Multi-stage decision processes are considered, in notation which is an outgrowth of that introduced by Denardo [l0]. Certain Markov decision processes, stochastic games, and risk-sensitive Markov decision processes are formulated in this notation. We identify conditions sufficient to prove that, in infinite horizon nonstationary processes, the optimal infinite horizon (present) value exists, in uniquely defined, is what is called “structured,” and can be found by solving Bellman’s optimality equations; c-optimal strategies exist; an optimal strategy can be found by applying Bellman’s Principle of Optimality; and a specially identified kind of policy, called a “structured” policy is optimal in each stage. A link is thus drawn between (i) studies such as those of Blackwell [5,6,7] and Strauch [56]., where general policies for general processes are considered, and (ii) other studies, such as those of Scarf [53] and Derman [15] where structured policies for special processes are considered.
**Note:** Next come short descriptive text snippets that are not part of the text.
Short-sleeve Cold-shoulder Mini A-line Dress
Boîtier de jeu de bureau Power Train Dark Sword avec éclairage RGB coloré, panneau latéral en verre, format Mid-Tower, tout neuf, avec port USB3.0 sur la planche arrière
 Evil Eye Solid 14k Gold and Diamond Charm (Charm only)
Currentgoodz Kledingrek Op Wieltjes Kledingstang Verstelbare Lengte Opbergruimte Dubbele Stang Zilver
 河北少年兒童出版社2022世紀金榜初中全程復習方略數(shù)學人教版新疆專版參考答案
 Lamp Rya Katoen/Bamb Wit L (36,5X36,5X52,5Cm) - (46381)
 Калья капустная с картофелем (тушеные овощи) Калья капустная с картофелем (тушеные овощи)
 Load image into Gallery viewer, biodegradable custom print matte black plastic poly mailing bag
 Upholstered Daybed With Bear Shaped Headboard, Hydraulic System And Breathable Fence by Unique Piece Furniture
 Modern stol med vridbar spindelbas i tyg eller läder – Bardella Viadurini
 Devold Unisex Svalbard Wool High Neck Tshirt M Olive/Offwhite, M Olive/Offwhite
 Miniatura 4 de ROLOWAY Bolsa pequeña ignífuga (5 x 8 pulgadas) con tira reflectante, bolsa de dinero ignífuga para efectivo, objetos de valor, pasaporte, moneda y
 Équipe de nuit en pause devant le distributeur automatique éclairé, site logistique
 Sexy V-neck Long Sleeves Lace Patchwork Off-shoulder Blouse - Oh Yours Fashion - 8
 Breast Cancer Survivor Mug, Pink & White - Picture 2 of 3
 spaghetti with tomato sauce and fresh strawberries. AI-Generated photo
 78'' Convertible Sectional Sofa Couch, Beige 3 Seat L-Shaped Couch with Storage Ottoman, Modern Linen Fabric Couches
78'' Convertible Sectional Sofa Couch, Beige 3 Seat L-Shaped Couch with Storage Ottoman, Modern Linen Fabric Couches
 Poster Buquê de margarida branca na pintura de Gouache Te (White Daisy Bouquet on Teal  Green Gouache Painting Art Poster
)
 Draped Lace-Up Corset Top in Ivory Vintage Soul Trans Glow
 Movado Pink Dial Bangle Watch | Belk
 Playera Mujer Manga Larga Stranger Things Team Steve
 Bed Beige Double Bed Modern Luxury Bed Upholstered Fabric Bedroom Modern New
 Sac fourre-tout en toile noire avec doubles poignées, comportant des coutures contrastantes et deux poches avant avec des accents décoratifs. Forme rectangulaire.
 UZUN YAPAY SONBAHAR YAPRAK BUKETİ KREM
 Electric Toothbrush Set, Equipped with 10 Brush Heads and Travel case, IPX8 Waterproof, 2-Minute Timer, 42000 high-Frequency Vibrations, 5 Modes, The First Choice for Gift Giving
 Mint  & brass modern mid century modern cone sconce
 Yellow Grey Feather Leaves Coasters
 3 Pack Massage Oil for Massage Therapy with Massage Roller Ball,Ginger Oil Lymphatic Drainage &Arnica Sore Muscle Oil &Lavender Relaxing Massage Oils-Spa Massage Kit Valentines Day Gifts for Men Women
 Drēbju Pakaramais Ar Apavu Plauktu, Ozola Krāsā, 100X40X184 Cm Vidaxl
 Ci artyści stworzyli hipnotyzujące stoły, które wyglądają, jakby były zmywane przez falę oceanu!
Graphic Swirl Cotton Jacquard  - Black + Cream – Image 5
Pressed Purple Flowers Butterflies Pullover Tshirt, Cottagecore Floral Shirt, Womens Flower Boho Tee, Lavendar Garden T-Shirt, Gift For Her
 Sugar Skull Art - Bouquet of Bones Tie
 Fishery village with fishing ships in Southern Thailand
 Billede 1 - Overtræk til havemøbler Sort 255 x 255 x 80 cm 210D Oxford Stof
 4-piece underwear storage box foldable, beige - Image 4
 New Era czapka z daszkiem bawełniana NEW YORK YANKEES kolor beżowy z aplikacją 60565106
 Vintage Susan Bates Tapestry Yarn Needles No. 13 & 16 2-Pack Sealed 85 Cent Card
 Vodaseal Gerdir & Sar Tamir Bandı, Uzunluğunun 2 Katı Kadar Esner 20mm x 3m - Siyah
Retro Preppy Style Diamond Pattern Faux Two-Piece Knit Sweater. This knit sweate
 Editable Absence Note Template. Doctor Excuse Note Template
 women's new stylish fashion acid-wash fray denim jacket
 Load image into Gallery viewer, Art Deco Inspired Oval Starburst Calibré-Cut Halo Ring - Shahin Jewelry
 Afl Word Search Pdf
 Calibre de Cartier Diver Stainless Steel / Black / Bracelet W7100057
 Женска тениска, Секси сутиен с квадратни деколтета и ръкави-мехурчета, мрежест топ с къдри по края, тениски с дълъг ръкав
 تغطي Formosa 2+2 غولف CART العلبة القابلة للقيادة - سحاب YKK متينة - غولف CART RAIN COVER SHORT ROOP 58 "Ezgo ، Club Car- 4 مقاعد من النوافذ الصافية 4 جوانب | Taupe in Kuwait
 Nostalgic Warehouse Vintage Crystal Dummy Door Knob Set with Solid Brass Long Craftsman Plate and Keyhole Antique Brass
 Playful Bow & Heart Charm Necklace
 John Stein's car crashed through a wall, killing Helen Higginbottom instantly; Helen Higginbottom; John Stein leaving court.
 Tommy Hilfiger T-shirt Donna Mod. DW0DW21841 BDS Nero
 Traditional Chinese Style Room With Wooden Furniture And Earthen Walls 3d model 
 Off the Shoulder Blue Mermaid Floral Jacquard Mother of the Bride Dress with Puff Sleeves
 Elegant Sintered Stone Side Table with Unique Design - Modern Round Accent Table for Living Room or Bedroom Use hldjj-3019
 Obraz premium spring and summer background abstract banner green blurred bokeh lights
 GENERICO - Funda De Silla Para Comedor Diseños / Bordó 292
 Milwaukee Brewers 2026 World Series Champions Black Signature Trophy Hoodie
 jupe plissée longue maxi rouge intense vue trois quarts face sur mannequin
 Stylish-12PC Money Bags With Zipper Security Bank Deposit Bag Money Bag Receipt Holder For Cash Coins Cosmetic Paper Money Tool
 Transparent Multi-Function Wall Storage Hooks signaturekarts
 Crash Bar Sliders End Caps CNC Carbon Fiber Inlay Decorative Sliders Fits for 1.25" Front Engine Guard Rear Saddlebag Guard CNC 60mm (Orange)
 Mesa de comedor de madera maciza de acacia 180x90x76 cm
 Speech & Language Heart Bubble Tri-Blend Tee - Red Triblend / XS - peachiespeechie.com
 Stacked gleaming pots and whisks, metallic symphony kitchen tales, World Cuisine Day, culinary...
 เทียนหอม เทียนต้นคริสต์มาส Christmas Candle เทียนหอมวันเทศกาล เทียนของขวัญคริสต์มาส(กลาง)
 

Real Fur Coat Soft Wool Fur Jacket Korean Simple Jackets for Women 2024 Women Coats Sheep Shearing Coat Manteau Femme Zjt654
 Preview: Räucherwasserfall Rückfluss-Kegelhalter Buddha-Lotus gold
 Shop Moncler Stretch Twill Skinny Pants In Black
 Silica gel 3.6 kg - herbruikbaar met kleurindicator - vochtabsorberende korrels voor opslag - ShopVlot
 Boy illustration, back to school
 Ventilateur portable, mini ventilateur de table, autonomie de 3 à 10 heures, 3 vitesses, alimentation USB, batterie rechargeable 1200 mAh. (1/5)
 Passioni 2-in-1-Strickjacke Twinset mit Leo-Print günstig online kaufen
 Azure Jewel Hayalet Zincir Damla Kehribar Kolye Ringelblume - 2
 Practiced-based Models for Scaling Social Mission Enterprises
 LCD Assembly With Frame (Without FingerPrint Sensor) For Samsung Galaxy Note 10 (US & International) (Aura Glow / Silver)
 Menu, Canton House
The infinite stage results are built on finite stage results. Results for the stationary infinite horizon case are also included. Finally, three applications are given. The first shows how a known result, regarding the optimality of Bore1 measurable policies in an infinite stage nonstationary Markov decision process, can be derived using our approach. The second yields a new result; conditions sufficient to prove that a generalized (s,S) policy is optimal in each stage of an infinite horizon stochastic inventory process. The third is also new; conditions sufficient to prove that an optimal stationary strategy exists in a discounted stationary risk sensitive Markov decision process with constant risk aversion.